## What you are asked to do
What is needed is an exact copy of all the entries below.

## Dataset entries
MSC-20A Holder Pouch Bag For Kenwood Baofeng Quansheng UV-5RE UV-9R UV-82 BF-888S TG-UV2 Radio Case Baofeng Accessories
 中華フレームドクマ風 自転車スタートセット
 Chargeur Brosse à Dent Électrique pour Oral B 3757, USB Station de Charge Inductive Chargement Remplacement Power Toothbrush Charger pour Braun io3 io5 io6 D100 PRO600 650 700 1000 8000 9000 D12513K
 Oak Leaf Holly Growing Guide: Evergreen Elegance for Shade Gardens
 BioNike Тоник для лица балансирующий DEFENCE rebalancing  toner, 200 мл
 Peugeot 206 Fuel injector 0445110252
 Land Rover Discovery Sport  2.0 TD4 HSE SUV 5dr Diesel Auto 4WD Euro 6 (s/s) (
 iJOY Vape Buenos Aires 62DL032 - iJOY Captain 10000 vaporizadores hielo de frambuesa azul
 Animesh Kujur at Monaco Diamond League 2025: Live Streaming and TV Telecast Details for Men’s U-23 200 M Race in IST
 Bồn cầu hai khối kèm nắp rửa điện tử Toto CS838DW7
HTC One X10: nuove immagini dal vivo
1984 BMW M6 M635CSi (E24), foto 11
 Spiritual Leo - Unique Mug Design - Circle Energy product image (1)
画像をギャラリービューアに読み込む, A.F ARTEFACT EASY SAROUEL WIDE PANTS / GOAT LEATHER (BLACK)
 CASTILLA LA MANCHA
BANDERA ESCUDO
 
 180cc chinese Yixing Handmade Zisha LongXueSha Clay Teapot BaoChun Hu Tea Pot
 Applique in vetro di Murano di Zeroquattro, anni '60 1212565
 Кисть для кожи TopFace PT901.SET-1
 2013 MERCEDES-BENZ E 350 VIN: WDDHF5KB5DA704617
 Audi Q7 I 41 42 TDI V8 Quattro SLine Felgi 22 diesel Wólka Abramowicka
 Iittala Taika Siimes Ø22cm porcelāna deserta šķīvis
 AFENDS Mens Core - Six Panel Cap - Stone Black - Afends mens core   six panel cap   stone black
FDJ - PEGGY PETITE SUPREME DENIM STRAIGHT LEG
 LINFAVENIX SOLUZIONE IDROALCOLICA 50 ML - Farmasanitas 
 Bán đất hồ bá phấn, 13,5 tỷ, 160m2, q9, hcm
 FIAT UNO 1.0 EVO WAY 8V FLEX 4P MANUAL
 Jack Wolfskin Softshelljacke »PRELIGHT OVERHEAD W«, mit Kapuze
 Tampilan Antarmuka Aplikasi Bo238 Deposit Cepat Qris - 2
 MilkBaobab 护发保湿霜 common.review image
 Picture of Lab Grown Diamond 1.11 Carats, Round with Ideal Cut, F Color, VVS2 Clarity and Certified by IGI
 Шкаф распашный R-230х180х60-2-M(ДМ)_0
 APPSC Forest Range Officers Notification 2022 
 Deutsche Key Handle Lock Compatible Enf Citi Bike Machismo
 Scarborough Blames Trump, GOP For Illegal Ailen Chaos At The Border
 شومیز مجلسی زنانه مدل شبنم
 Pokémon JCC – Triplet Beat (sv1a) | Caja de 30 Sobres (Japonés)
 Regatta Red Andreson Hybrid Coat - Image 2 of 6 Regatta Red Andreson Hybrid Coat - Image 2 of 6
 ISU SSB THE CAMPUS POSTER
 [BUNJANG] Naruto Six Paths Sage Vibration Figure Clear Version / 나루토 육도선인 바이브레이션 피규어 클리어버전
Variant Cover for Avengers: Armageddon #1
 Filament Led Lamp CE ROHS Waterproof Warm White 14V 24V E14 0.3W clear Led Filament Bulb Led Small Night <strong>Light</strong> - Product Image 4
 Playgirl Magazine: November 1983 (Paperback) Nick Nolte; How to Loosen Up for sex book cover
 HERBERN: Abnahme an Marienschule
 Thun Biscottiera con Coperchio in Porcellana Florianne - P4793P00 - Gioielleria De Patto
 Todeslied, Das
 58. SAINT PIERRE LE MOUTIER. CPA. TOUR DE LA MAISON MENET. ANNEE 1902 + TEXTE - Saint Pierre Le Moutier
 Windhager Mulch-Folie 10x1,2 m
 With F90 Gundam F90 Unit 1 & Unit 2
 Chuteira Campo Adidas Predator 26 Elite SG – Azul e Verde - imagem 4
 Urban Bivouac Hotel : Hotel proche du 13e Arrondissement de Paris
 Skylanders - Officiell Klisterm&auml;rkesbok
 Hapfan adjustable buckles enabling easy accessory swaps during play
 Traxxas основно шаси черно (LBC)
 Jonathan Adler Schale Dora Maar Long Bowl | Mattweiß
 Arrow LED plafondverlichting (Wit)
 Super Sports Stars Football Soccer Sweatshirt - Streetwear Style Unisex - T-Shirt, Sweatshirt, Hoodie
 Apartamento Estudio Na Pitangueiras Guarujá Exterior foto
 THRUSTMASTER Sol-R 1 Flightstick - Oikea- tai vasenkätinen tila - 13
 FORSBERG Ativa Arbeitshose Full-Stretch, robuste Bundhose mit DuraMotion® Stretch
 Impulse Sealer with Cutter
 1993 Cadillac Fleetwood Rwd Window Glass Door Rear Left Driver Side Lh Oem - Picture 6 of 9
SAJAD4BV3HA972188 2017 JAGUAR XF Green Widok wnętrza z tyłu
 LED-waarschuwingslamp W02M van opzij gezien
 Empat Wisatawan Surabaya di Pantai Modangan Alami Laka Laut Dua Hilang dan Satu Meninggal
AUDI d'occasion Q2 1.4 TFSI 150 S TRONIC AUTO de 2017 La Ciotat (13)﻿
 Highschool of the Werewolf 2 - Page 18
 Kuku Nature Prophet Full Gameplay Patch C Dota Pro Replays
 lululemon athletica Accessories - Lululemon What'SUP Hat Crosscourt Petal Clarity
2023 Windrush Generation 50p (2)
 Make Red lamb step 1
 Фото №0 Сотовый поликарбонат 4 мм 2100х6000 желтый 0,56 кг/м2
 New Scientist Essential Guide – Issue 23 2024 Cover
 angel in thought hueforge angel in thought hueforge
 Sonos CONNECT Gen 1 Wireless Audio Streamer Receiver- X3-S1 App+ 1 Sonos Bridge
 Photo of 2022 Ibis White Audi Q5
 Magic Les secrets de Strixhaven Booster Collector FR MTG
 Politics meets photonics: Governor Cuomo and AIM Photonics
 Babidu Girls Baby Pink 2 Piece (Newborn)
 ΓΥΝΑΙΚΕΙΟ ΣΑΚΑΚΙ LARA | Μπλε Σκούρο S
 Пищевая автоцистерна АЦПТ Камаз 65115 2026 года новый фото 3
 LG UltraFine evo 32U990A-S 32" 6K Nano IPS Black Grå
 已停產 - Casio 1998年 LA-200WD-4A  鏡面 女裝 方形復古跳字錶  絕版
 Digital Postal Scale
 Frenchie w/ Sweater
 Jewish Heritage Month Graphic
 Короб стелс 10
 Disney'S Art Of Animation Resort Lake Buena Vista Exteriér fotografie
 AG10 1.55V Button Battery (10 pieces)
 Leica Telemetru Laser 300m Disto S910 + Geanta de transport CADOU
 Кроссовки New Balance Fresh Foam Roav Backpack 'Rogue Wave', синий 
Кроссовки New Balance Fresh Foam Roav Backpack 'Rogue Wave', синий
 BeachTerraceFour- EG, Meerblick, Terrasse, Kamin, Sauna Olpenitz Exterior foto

## Solution below
MSC-20A Holder Pouch Bag For Kenwood Baofeng Quansheng UV-5RE UV-9R UV-82 BF-888S TG-UV2 Radio Case Baofeng Accessories
 中華フレームドクマ風 自転車スタートセット
 Chargeur Brosse à Dent Électrique pour Oral B 3757, USB Station de Charge Inductive Chargement Remplacement Power Toothbrush Charger pour Braun io3 io5 io6 D100 PRO600 650 700 1000 8000 9000 D12513K
 Oak Leaf Holly Growing Guide: Evergreen Elegance for Shade Gardens
 BioNike Тоник для лица балансирующий DEFENCE rebalancing  toner, 200 мл
 Peugeot 206 Fuel injector 0445110252
 Land Rover Discovery Sport  2.0 TD4 HSE SUV 5dr Diesel Auto 4WD Euro 6 (s/s) (
 iJOY Vape Buenos Aires 62DL032 - iJOY Captain 10000 vaporizadores hielo de frambuesa azul
 Animesh Kujur at Monaco Diamond League 2025: Live Streaming and TV Telecast Details for Men’s U-23 200 M Race in IST
 Bồn cầu hai khối kèm nắp rửa điện tử Toto CS838DW7
HTC One X10: nuove immagini dal vivo
1984 BMW M6 M635CSi (E24), foto 11
 Spiritual Leo - Unique Mug Design - Circle Energy product image (1)
画像をギャラリービューアに読み込む, A.F ARTEFACT EASY SAROUEL WIDE PANTS / GOAT LEATHER (BLACK)
 CASTILLA LA MANCHA
BANDERA ESCUDO
 
 180cc chinese Yixing Handmade Zisha LongXueSha Clay Teapot BaoChun Hu Tea Pot
 Applique in vetro di Murano di Zeroquattro, anni '60 1212565
 Кисть для кожи TopFace PT901.SET-1
 2013 MERCEDES-BENZ E 350 VIN: WDDHF5KB5DA704617
 Audi Q7 I 41 42 TDI V8 Quattro SLine Felgi 22 diesel Wólka Abramowicka
 Iittala Taika Siimes Ø22cm porcelāna deserta šķīvis
 AFENDS Mens Core - Six Panel Cap - Stone Black - Afends mens core   six panel cap   stone black
FDJ - PEGGY PETITE SUPREME DENIM STRAIGHT LEG
 LINFAVENIX SOLUZIONE IDROALCOLICA 50 ML - Farmasanitas 
 Bán đất hồ bá phấn, 13,5 tỷ, 160m2, q9, hcm
 FIAT UNO 1.0 EVO WAY 8V FLEX 4P MANUAL
 Jack Wolfskin Softshelljacke »PRELIGHT OVERHEAD W«, mit Kapuze
 Tampilan Antarmuka Aplikasi Bo238 Deposit Cepat Qris - 2
 MilkBaobab 护发保湿霜 common.review image
 Picture of Lab Grown Diamond 1.11 Carats, Round with Ideal Cut, F Color, VVS2 Clarity and Certified by IGI
 Шкаф распашный R-230х180х60-2-M(ДМ)_0
 APPSC Forest Range Officers Notification 2022 
 Deutsche Key Handle Lock Compatible Enf Citi Bike Machismo
 Scarborough Blames Trump, GOP For Illegal Ailen Chaos At The Border
 شومیز مجلسی زنانه مدل شبنم
 Pokémon JCC – Triplet Beat (sv1a) | Caja de 30 Sobres (Japonés)
 Regatta Red Andreson Hybrid Coat - Image 2 of 6 Regatta Red Andreson Hybrid Coat - Image 2 of 6
 ISU SSB THE CAMPUS POSTER
 [BUNJANG] Naruto Six Paths Sage Vibration Figure Clear Version / 나루토 육도선인 바이브레이션 피규어 클리어버전
Variant Cover for Avengers: Armageddon #1
 Filament Led Lamp CE ROHS Waterproof Warm White 14V 24V E14 0.3W clear Led Filament Bulb Led Small Night <strong>Light</strong> - Product Image 4
 Playgirl Magazine: November 1983 (Paperback) Nick Nolte; How to Loosen Up for sex book cover
 HERBERN: Abnahme an Marienschule
 Thun Biscottiera con Coperchio in Porcellana Florianne - P4793P00 - Gioielleria De Patto
 Todeslied, Das
 58. SAINT PIERRE LE MOUTIER. CPA. TOUR DE LA MAISON MENET. ANNEE 1902 + TEXTE - Saint Pierre Le Moutier
 Windhager Mulch-Folie 10x1,2 m
 With F90 Gundam F90 Unit 1 & Unit 2
 Chuteira Campo Adidas Predator 26 Elite SG – Azul e Verde - imagem 4
 Urban Bivouac Hotel : Hotel proche du 13e Arrondissement de Paris
 Skylanders - Officiell Klisterm&auml;rkesbok
 Hapfan adjustable buckles enabling easy accessory swaps during play
 Traxxas основно шаси черно (LBC)
 Jonathan Adler Schale Dora Maar Long Bowl | Mattweiß
 Arrow LED plafondverlichting (Wit)
 Super Sports Stars Football Soccer Sweatshirt - Streetwear Style Unisex - T-Shirt, Sweatshirt, Hoodie
 Apartamento Estudio Na Pitangueiras Guarujá Exterior foto
 THRUSTMASTER Sol-R 1 Flightstick - Oikea- tai vasenkätinen tila - 13
 FORSBERG Ativa Arbeitshose Full-Stretch, robuste Bundhose mit DuraMotion® Stretch
 Impulse Sealer with Cutter
 1993 Cadillac Fleetwood Rwd Window Glass Door Rear Left Driver Side Lh Oem - Picture 6 of 9
SAJAD4BV3HA972188 2017 JAGUAR XF Green Widok wnętrza z tyłu
 LED-waarschuwingslamp W02M van opzij gezien
 Empat Wisatawan Surabaya di Pantai Modangan Alami Laka Laut Dua Hilang dan Satu Meninggal
AUDI d'occasion Q2 1.4 TFSI 150 S TRONIC AUTO de 2017 La Ciotat (13)﻿
 Highschool of the Werewolf 2 - Page 18
 Kuku Nature Prophet Full Gameplay Patch C Dota Pro Replays
 lululemon athletica Accessories - Lululemon What'SUP Hat Crosscourt Petal Clarity
2023 Windrush Generation 50p (2)
 Make Red lamb step 1
 Фото №0 Сотовый поликарбонат 4 мм 2100х6000 желтый 0,56 кг/м2
 New Scientist Essential Guide – Issue 23 2024 Cover
 angel in thought hueforge angel in thought hueforge
 Sonos CONNECT Gen 1 Wireless Audio Streamer Receiver- X3-S1 App+ 1 Sonos Bridge
 Photo of 2022 Ibis White Audi Q5
 Magic Les secrets de Strixhaven Booster Collector FR MTG
 Politics meets photonics: Governor Cuomo and AIM Photonics
 Babidu Girls Baby Pink 2 Piece (Newborn)
 ΓΥΝΑΙΚΕΙΟ ΣΑΚΑΚΙ LARA | Μπλε Σκούρο S
 Пищевая автоцистерна АЦПТ Камаз 65115 2026 года новый фото 3
 LG UltraFine evo 32U990A-S 32" 6K Nano IPS Black Grå
 已停產 - Casio 1998年 LA-200WD-4A  鏡面 女裝 方形復古跳字錶  絕版
 Digital Postal Scale
 Frenchie w/ Sweater
 Jewish Heritage Month Graphic
 Короб стелс 10
 Disney'S Art Of Animation Resort Lake Buena Vista Exteriér fotografie
 AG10 1.55V Button Battery (10 pieces)
 Leica Telemetru Laser 300m Disto S910 + Geanta de transport CADOU
 Кроссовки New Balance Fresh Foam Roav Backpack 'Rogue Wave', синий 
Кроссовки New Balance Fresh Foam Roav Backpack 'Rogue Wave', синий
 BeachTerraceFour- EG, Meerblick, Terrasse, Kamin, Sauna Olpenitz Exterior foto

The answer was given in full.